Infine Eileen Rose, vera forza della natura, sale sul palco accompagnata dalla sua band, The Holy Wreck, e al fianco del marito, “The Legendary” Rich Gilbert, che leggendario è davvero, un autentico virtuoso delle sei corde. Per metà siciliana e per metà irlandese, Eileen, nata a Boston e cresciuta artisticamente a Londra, vive e lavora a Nashville e da diversi anni fa tappa in Italia nei suoi tour. Il suo trascinante show è carico di energia e le sue composizioni spaziano dal country al rock, dal pop al blues. Ci regala anche due cover, la celebre You Never can Tell e un pezzo di Johnny Cash .
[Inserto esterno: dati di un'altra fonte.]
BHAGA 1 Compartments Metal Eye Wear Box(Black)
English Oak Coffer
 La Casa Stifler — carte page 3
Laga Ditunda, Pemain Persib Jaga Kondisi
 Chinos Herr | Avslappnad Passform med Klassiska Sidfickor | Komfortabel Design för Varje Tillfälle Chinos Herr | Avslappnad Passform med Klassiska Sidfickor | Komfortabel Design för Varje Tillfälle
E poi il gran finale, con tutti gli artisti sul palco – tra i quali spunta Marco Ferradini, invitato ad unirsi al coinvolgente epilogo della serata – che accompagnano Eileen in una gioiosa e liberatoria versione di Nessuno mi può giudicare.
Come sempre, terminato lo show, arriva il momento per me più emozionante di tutti, al quale mi accosto sempre con timore e reverenza: quello del saluto agli artisti. Non ho avuto modo di congratularmi con Charlotte ed Alfina, ma ho avuto il privilegio di intrattenere una breve conversazione con Eileen e Rich Gilbert, augurandomi di poterli rivedere in Italia al più presto.
Avvicinare un musicista, scambiando anche soltanto poche e semplici parole, significa entrare in contatto con quell’ineffabile essenza che è la creazione artistica, la personalità carismatica, la capacità di toccare l’anima del pubblico e di trasmettere, tramite il proprio talento, sentimenti ed intuizioni che lo spettatore sente come propri, come rivelazioni su se stesso e sul proprio vissuto.
Almeno, questo è quello che accade a me, ogni volta, e mi fa uscire di casa per un altro concerto.